What you will do: Take the entries below and print only the lines from the one with "So just click" through the one with "Hello, welcome to", exactly as they stand, both ends included.

**** Provided entries

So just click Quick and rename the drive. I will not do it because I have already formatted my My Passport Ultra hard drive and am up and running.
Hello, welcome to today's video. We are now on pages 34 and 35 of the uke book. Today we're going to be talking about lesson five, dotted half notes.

********
**** Provided entries

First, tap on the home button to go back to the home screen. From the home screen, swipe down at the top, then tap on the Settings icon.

********

The completed task:
So just click Quick and rename the drive. I will not do it because I have already formatted my My Passport Ultra hard drive and am up and running.
Hello, welcome to today's video. We are now on pages 34 and 35 of the uke book. Today we're going to be talking about lesson five, dotted half notes.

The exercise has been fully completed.